Question: My dog has growled a few times when we try and move/scoot her over. What should I do to correct this?

Answer: If you think your dog is just testing you and isn't thinking about biting, the best thing to do is to toss a treat on the floor so that she has motivation to relinquish "her" spot. As soon as she gets up, you or whoever should plop themselves right where she was lying. Have her do a "down-stay" for a couple of minutes and release her with a "good grrrrllll!!"

Caveat: if she is doing this in your bed, you need to immediately stop her from getting on any furniture at all. Dogs with possessive issues don't deserve to be on YOUR furniture. They must earn that privilege.

If you think she's trying to be bossy over y'all, or that she might be thinking about snapping at you, it is absolutely okay to squirt her full in the mouth with Listerine. And then put her in a down stay at your feet for about 3 minutes. Again, she must remain in the down-stay until you release her.

Girls are so sassy.

Wednesday, April 11, 2012


Mom got me a new rope.

I flossed my teeth with it.

Then I chewed on my blue & white
squeaky zebra

 That zebra wore me down.

Time for a nap break.

Saturday, April 7, 2012


Have we ever told you Buddy's story?

Three years ago, during what passes for an ice storm here on the Gulf Coast, someone dropped Buddy on the road near our house. We found him the next morning. The temperature was way way below freezing and the rain had turned to sleet and there was this wet, shivering black pit bull terrier huddled up on the outside of our gate.

We had to keep him separate from the other Hooligans until we could get him to the vet for a check-up. That took a couple of days because of work schedules and the local vet's office being closed for the weekend. But he finally had his health exam and  got scheduled for the Important Surgical Procedure all the other dogs have survived.
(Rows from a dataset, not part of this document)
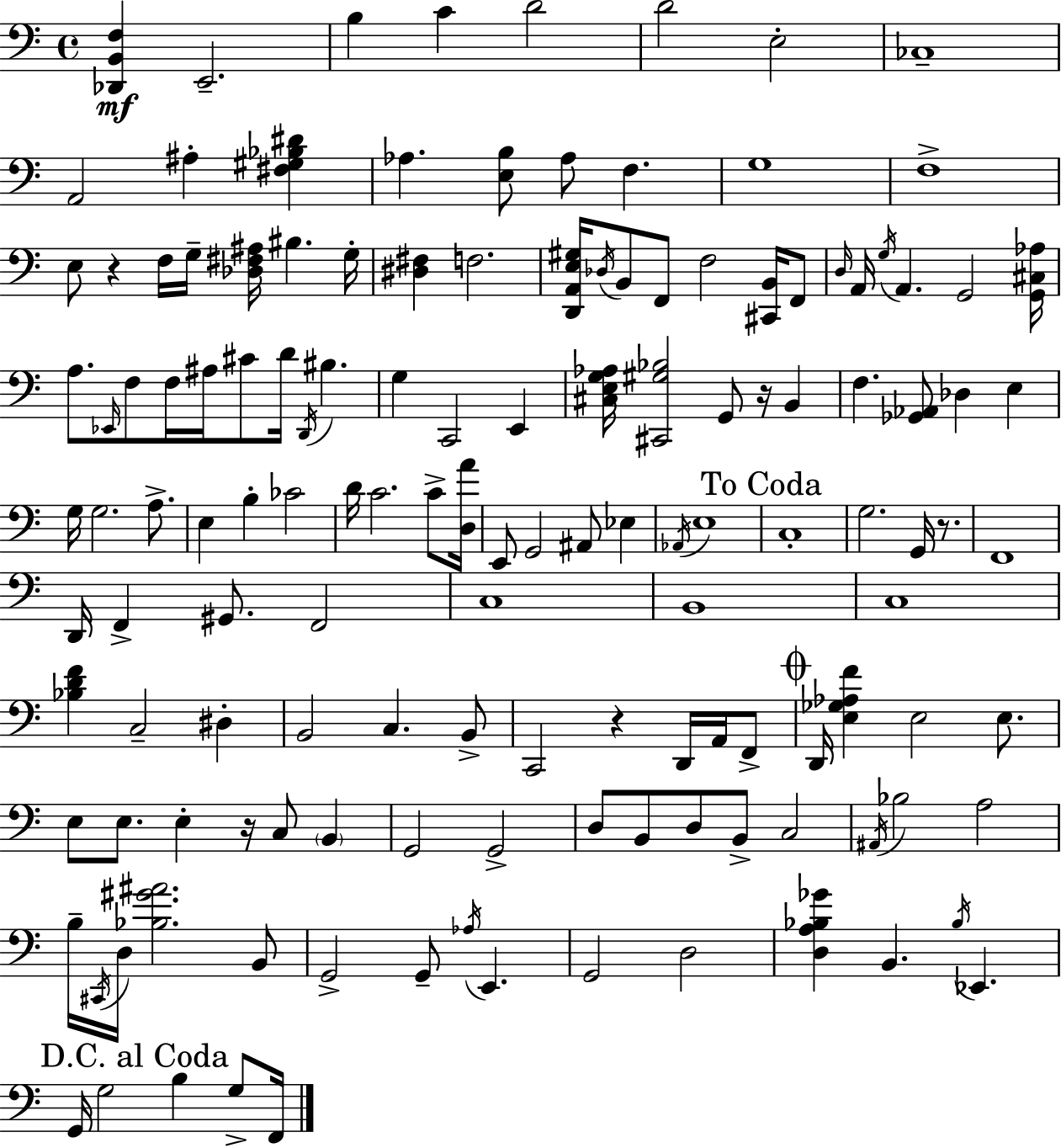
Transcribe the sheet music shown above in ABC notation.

X:1
T:Untitled
M:4/4
L:1/4
K:Am
[_D,,B,,F,] E,,2 B, C D2 D2 E,2 _C,4 A,,2 ^A, [^F,^G,_B,^D] _A, [E,B,]/2 _A,/2 F, G,4 F,4 E,/2 z F,/4 G,/4 [_D,^F,^A,]/4 ^B, G,/4 [^D,^F,] F,2 [D,,A,,E,^G,]/4 _D,/4 B,,/2 F,,/2 F,2 [^C,,B,,]/4 F,,/2 D,/4 A,,/4 G,/4 A,, G,,2 [G,,^C,_A,]/4 A,/2 _E,,/4 F,/2 F,/4 ^A,/4 ^C/2 D/4 D,,/4 ^B, G, C,,2 E,, [^C,E,G,_A,]/4 [^C,,^G,_B,]2 G,,/2 z/4 B,, F, [_G,,_A,,]/2 _D, E, G,/4 G,2 A,/2 E, B, _C2 D/4 C2 C/2 [D,A]/4 E,,/2 G,,2 ^A,,/2 _E, _A,,/4 E,4 C,4 G,2 G,,/4 z/2 F,,4 D,,/4 F,, ^G,,/2 F,,2 C,4 B,,4 C,4 [_B,DF] C,2 ^D, B,,2 C, B,,/2 C,,2 z D,,/4 A,,/4 F,,/2 D,,/4 [E,_G,_A,F] E,2 E,/2 E,/2 E,/2 E, z/4 C,/2 B,, G,,2 G,,2 D,/2 B,,/2 D,/2 B,,/2 C,2 ^A,,/4 _B,2 A,2 B,/4 ^C,,/4 D,/4 [_B,^G^A]2 B,,/2 G,,2 G,,/2 _A,/4 E,, G,,2 D,2 [D,A,_B,_G] B,, _B,/4 _E,, G,,/4 G,2 B, G,/2 F,,/4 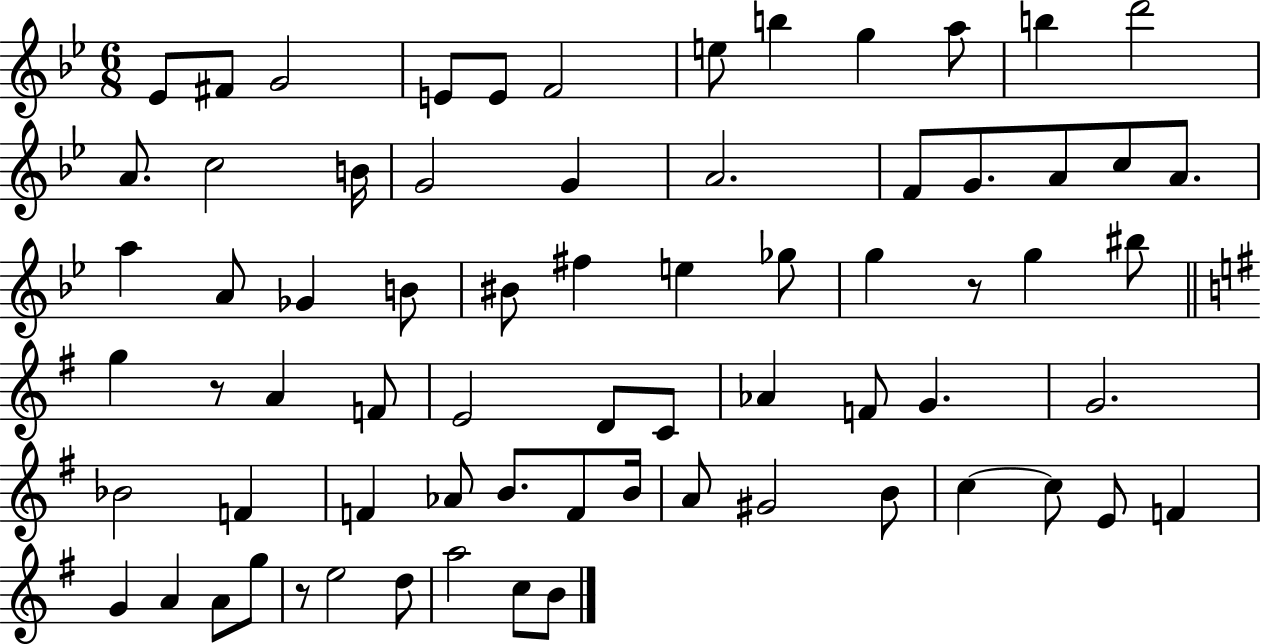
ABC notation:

X:1
T:Untitled
M:6/8
L:1/4
K:Bb
_E/2 ^F/2 G2 E/2 E/2 F2 e/2 b g a/2 b d'2 A/2 c2 B/4 G2 G A2 F/2 G/2 A/2 c/2 A/2 a A/2 _G B/2 ^B/2 ^f e _g/2 g z/2 g ^b/2 g z/2 A F/2 E2 D/2 C/2 _A F/2 G G2 _B2 F F _A/2 B/2 F/2 B/4 A/2 ^G2 B/2 c c/2 E/2 F G A A/2 g/2 z/2 e2 d/2 a2 c/2 B/2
And then, we talked it over and decided that we couldn't in good conscience put a pit bull with unknown history up for adoption. So he became a permanent resident of Hooligan House and Dad's special "Buddy".  He sleeps in Dad's lap and licks the grandkids clean when they come over to play, and he generally just ambles amiably through life. He's a Good Dog and keeping him was one of the best decisions we have ever made.
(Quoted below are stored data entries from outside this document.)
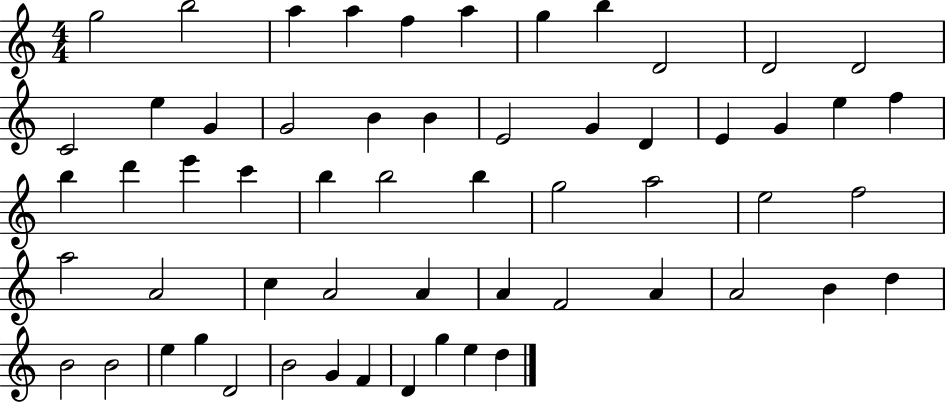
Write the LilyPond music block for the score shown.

{
  \clef treble
  \numericTimeSignature
  \time 4/4
  \key c \major
  g''2 b''2 | a''4 a''4 f''4 a''4 | g''4 b''4 d'2 | d'2 d'2 | \break c'2 e''4 g'4 | g'2 b'4 b'4 | e'2 g'4 d'4 | e'4 g'4 e''4 f''4 | \break b''4 d'''4 e'''4 c'''4 | b''4 b''2 b''4 | g''2 a''2 | e''2 f''2 | \break a''2 a'2 | c''4 a'2 a'4 | a'4 f'2 a'4 | a'2 b'4 d''4 | \break b'2 b'2 | e''4 g''4 d'2 | b'2 g'4 f'4 | d'4 g''4 e''4 d''4 | \break \bar "|."
} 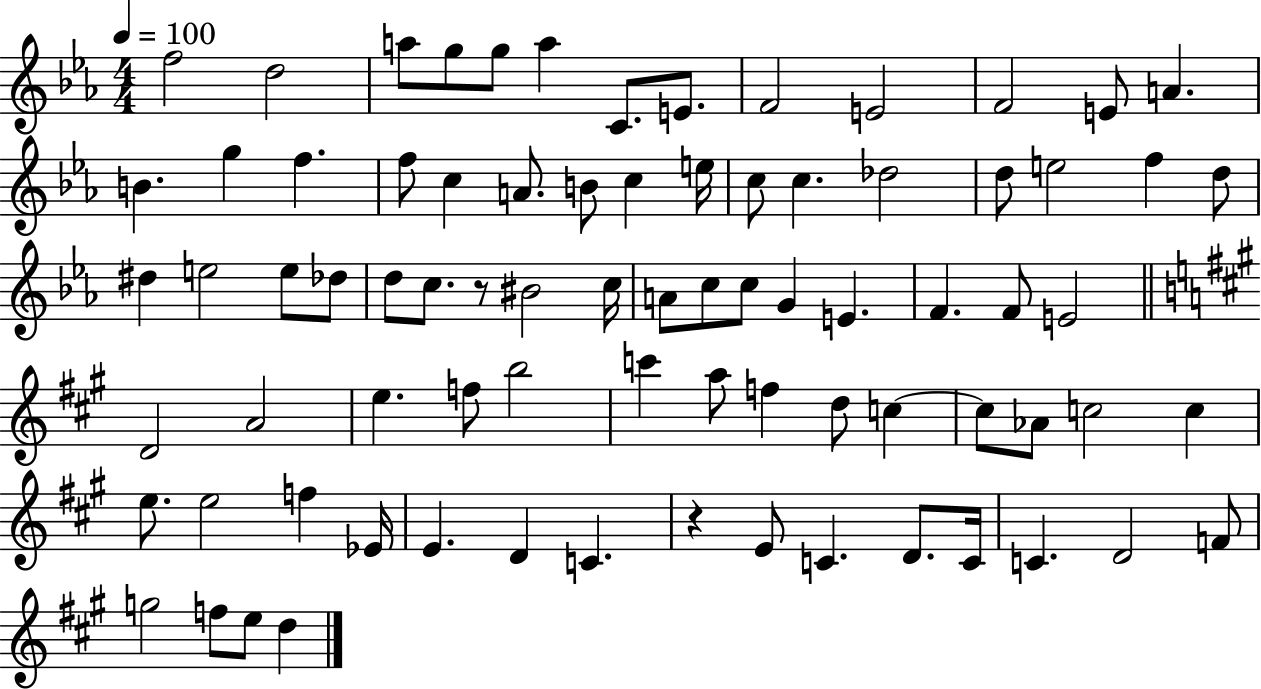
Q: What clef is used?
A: treble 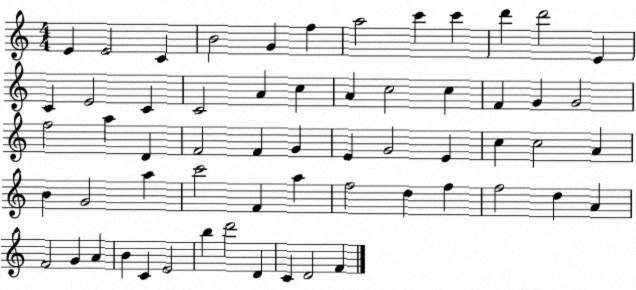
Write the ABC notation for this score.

X:1
T:Untitled
M:4/4
L:1/4
K:C
E E2 C B2 G f a2 c' c' d' d'2 E C E2 C C2 A c A c2 c F G G2 f2 a D F2 F G E G2 E c c2 A B G2 a c'2 F a f2 d f f2 d A F2 G A B C E2 b d'2 D C D2 F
There were some areas where he needed help, like all rescued dogs need. For instance, he would not walk on the vinyl floor in the kitchen. It was NOT going to happen, no matter how much stinky canned food we put down on the floor to try to tempt him. Buddy sank to his belly and refused to move. That shiny expanse of slippery floor was just too scary for a dog who had never lived in a house. So we got some cheap carpet runners and put them about two feet apart from each other, and made him a red carpet runway to the kitchen. That did the trick, and gradually we moved the rugs farther and farther away from each other until one day there was no more runway. 

Rescue dogs do come with issues. And rescue volunteers and temporary foster parents often don't have the time to research what to do to help the dogs. Shelters have to move dogs into adoption or foster as quickly as possible to make room for new dogs that need help. Sometimes, dogs are adopted out who just aren't ready to deal with the environment of a family situation. That can be big Trouble. Recently, a couple of the local rescue groups here have contacted me with questions about how best to help some of their new canine residents who came from particularly neglectful backgrounds. I'm working with them and the foster parents involved are wonderful people who want to do whatever it takes to help the dogs acclimate to living with loving humans.

Not everyone can adopt a dog and the reasons vary. Most often, people can't afford an adoption fee and vet bills. But if you have a place in your heart and home where a newly rescued dog could be temporarily fostered through his issues until he is ready for adoption ---- what a wonderful gift that would be for everyone. Imagine helping a dog learn to trust that the outstretched hand of a human means something fun is about to happen. That a shiny floor or a doorbell are not really scary things. That another dog sniffing him is not cause for alarm. Teaching a dog how to play with a toy. Teaching him what a dog treat is. And even teaching him that it's perfectly acceptable for him to eat his food from a bowl instead of the ground.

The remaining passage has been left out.